COVID-19 is caused by the SARS-CoV-2. Its presentation ranges from mild upper respiratory illness to critical disease including respiratory failure and multiorgan dysfunction. It is also associated with coagulopathy, with venous thromboembolism (VTE) and pulmonary embolism seen in 13.9%–26.1% of critically ill patients with COVID-19.1 2 Although patients with COVID-19 admitted to the hospital are routinely prescribed thromboprophylaxis, thromboembolism can still occur. We describe a case of threatening limb ischaemia in a patient infected with COVID-19 who was on therapeutic dose anticoagulation at the time of diagnosis. He went on to develop recurrent limb ischaemia despite treatment with two consecutive and different types of anticoagulation as well as a successful thrombolysis. He ultimately required open thrombectomy for the recurrent disease and made a full recovery.

Case presentation

A 60-year-old man with a medical history of hypertension, hyperlipidaemia, intermittent asthma, gastritis, arthritis and no smoking history presented to the emergency department with worsening dyspnoea for the past 4 days. He reported testing positive for SARS-CoV-2, a few months prior. He was noted to be in significant respiratory distress, diaphoretic and tachycardic. His oxygen saturation was 83% and only improved to 95% on proning with high-flow nasal cannula and non-rebreather oxygen mask.

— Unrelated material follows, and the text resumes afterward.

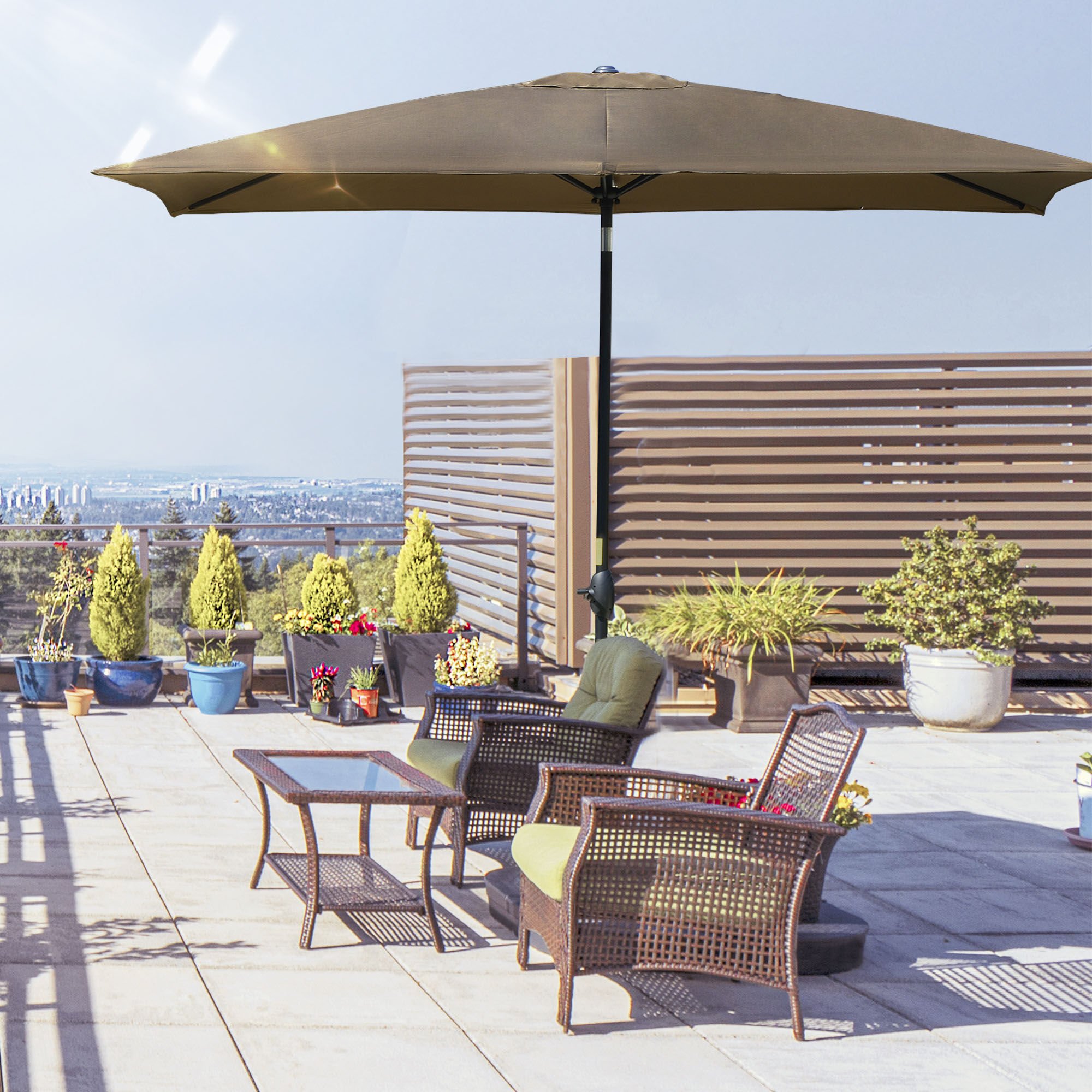 Outsunny Sombrilla De Jardín Café De Aluminio Inclinable thumbnail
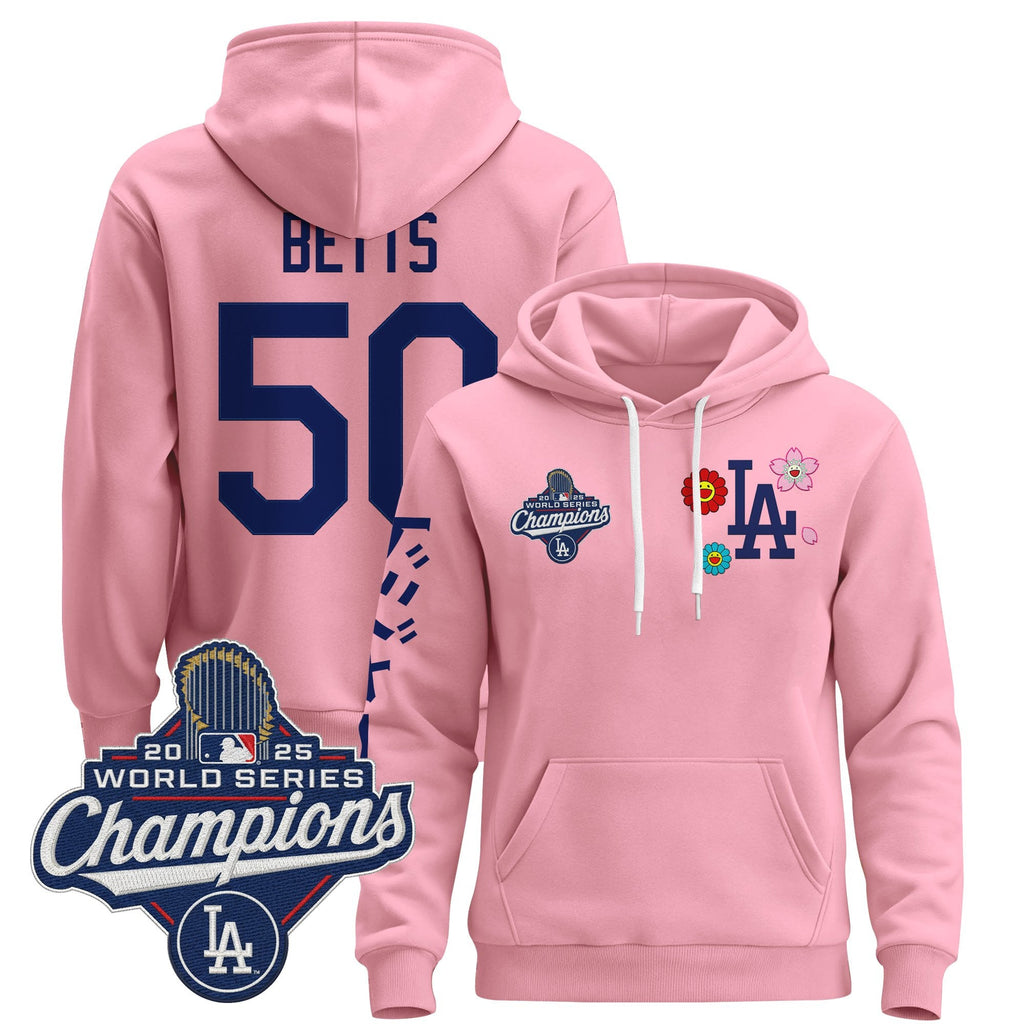 Men's Los Angeles Dodgers x Takashi Murakami Pullover Hoodie - 2025 World Series Champions Patch - Stitched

Initial laboratory values are summarised in table 1. X-ray of the chest showed patchy bilateral airspace consolidations. Electrocardiogram (EKG) showed normal sinus rhythm at 96 beats/min. Nasopharyngeal swab tested positive for SARS-CoV-2. The patient was started on remdesivir, dexamethasone, azithromycin and ceftriaxone. Given the patient’s clinical presentation, COVID-19 positive status and elevated D-dimer, there was a high clinical suspicion for pulmonary embolism. He was, however, deemed too clinically unstable to undergo CT pulmonary angiogram at the time of presentation, as he was only able to saturate 90% while lying prone on high-flow oxygen. He was transferred to the intensive care unit (ICU) and empirically started on treatment dose enoxaparin 70 mg (1 mg/kg) every 12 hours on admission.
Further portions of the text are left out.